Door Antje von Graevenitz
*Alles begint in de video-kunst met maar één naam: de Koreaan Nam June Paik (1932-2006). Terecht geldt hij als de vader van deze kunst-categorie. Het was Dorine Mignot, curator van het Stedelijk Museum in Amsterdam, die sinds 1974 als vurig pleitbezorger voor video-kunst optrad. Met Paik stuurde ze ook het museum de toekomst in: in 1979 opende daar zijn solo-tentoonstelling (muziek, fluxus, video) als huwelijk tussen beeldende kunst en techniek. Dat gebeurde in 1984 opnieuw met Mignots tentoonstelling ‘The Luminous Image‘ in het Stedelijk. En in 1987 weer met Paik in de over heel Amsterdam verspreide tentoonstelling ‘Century 1987, kunst van nu ontmoet Amsterdams verleden‘, deze keer gemaakt door Sjarel Ex en Els Hoek. Onvergetelijk was toen Paiks bijdrage in het verlaten postkantoor achter het paleis op de Dam, waar hij rondom de vide vanaf de galerij banden van audio-cassettes naar beneden liet dwarrelen. Te beluisteren was er toen helemaal niets, behalve misschien nu en dan geritsel van de banden door wat tocht in de grote ruimte. Ze leken te leven, maar hun informatie bleek onhoorbaar, doods. Deze paradox was toen een zeldzaam grootse ervaring. In de jaren ’70 was deze techniek en vogue, maar haar einde naderde eind jaren ’80. Of Paik het had aangevoeld?
Hij is niet alleen de vader van de video-kunst, maar ook filosoof. Hij studeerde filosofie in München, Freiburg en Keulen voordat hij rond 1960 met zijn kunst vooral in Duitsland naar voren trad. Zijn teksten, oorspronkelijk in gebrekkig Engels en Duits, maken de filosofische kant duidelijk. Vorig jaar werden ze in een lijvige bundel door het MIT in Boston uitgegeven.
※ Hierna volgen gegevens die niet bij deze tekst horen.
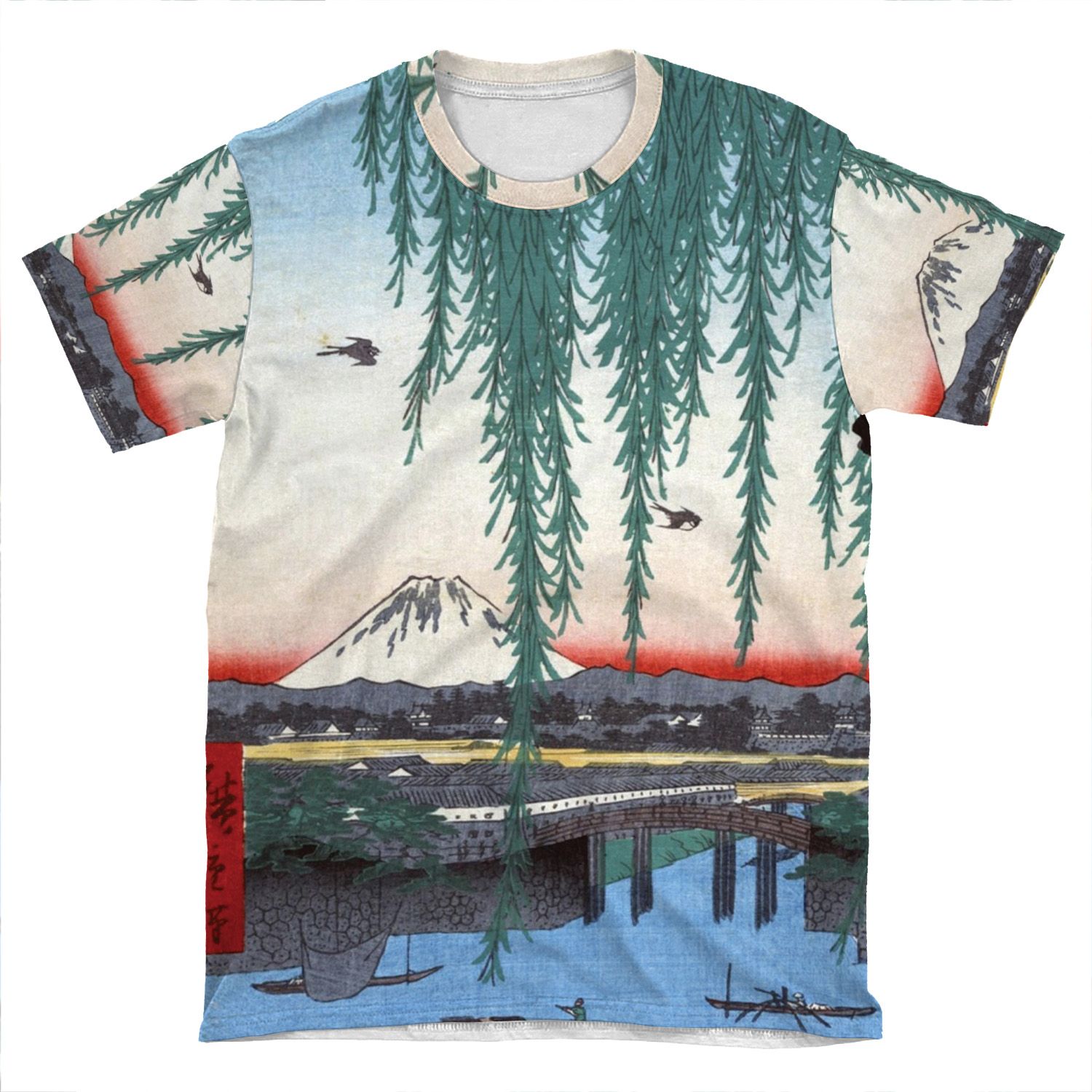 Utagawa Hiroshige Yatsumi Bridge AOP T-shirt Tee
Hoe heeft de grote rondreizende tentoonstelling van Paik, die in the Tate Modern in Londen is begonnen en eerst in het gesloten Stedelijk Museum heeft moeten sluimeren, deze tweeledigheid van werk in techniek en filosofie naar voren gebracht? Is het werk achterhaald of nog in al zijn frisheid te beleven?
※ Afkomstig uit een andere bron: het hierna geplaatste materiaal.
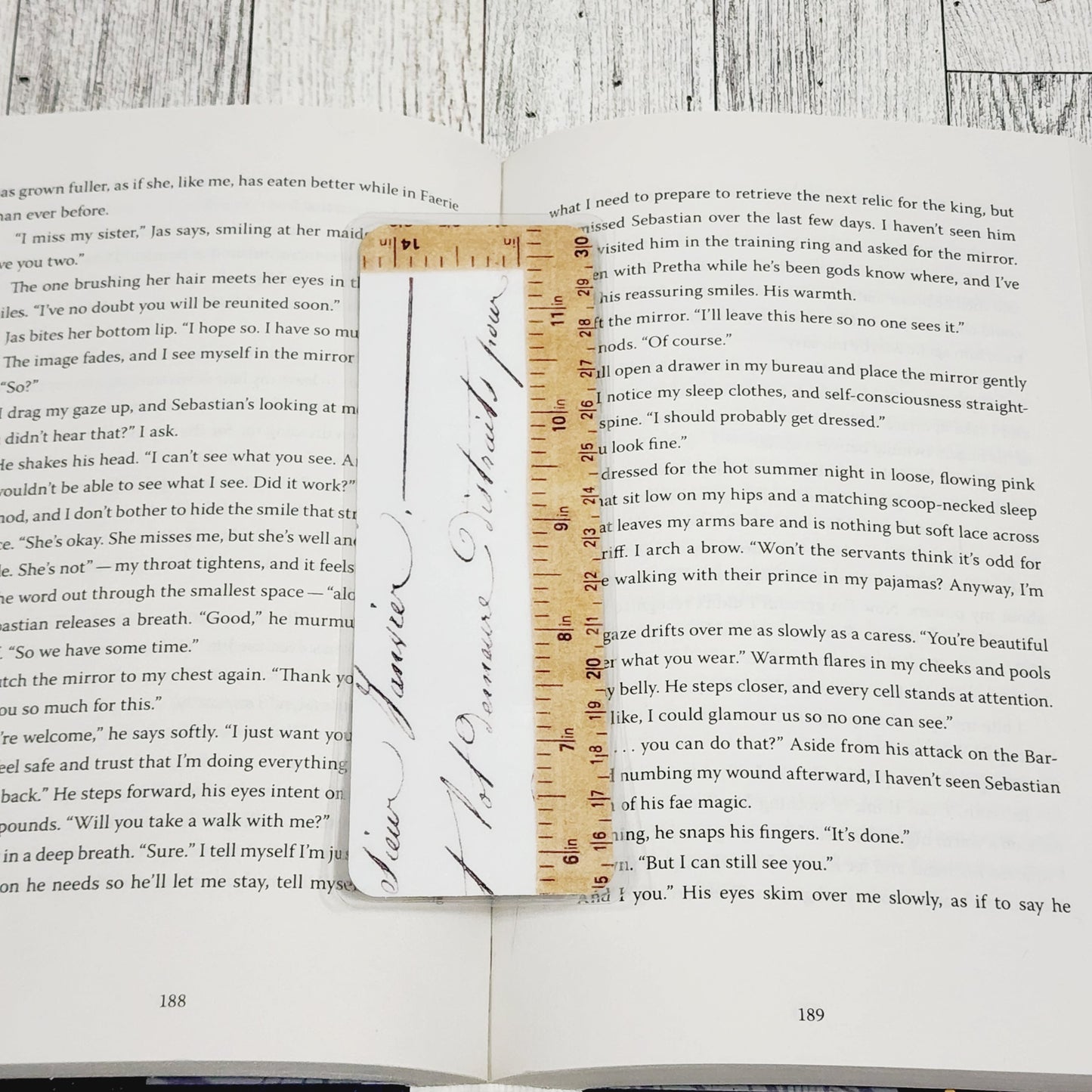 Ruled Script Bookmark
De omvangrijke tentoonstelling – vanaf 1 juni t/m 28 augustus eindelijk te bezoeken - start met zijn misschien meest indringende werk uit 1974: de ‘TV-Buddha’, uit de collectie van het Stedelijk. Dat heeft de bekendheid van Paik in ons land bijzonder bevorderd. Je benadert het bronzen beeld van achteren en kijkt zogenaamd over zijn schouder met hem mee naar zijn portret op een kleine monitor. Er zijn duizenden Boeddha-beelden, hoewel de gedachte in het Zen-Boeddhisme bestaat dat de mens Boeddha nooit gade kan slaan zodra deze zich in een spiegel wil bekijken. Dus wordt bijvoorbeeld de spiegel in Japanse Zen-tempels steeds zo gedraaid dat er geen enkele reflectie van zijn gelaat naar een menselijk oog toe mogelijk kan worden. Toch zou het gespiegelde portret er kunnen wezen; er kan zijn, wat er niet is te zien. Maar Paik - die ook in Japan gewoond en gewerkt heeft - toont dat het bronzen beeld zelf maar een beeld is en niet Boeddha zelf. En dat hij zogenaamd versteend naar TV ’blikt’, terwijl zijn afbeelding op het scherm constant opnieuw moet worden gemaakt door middel van camera- opnames. De één lijkt dood, de ander in leven: Boeddha herleeft in zijn portret. Zonder meer is de Zen-gedachte geconcentreerd op de flux van het leven: alles vloeit, beweegt, veranderd, verdwijnt. Paik voelt zich geen Zen-volgeling, maar zei door het Boeddhisme even geinspireerd te kunnen worden als door de muziek van J.S. Bach. De ‘TV-Buddha‘ maakt een overtuigende opening van de expositie. Met dit werk is de toon gezet. Bevreemdend is dan wel dat het er in The Tate Modern nog niet bij was, maar samen met twee andere werken van Paik in Amsterdam eerst nog – ook overtuigend – moest worden toegevoegd.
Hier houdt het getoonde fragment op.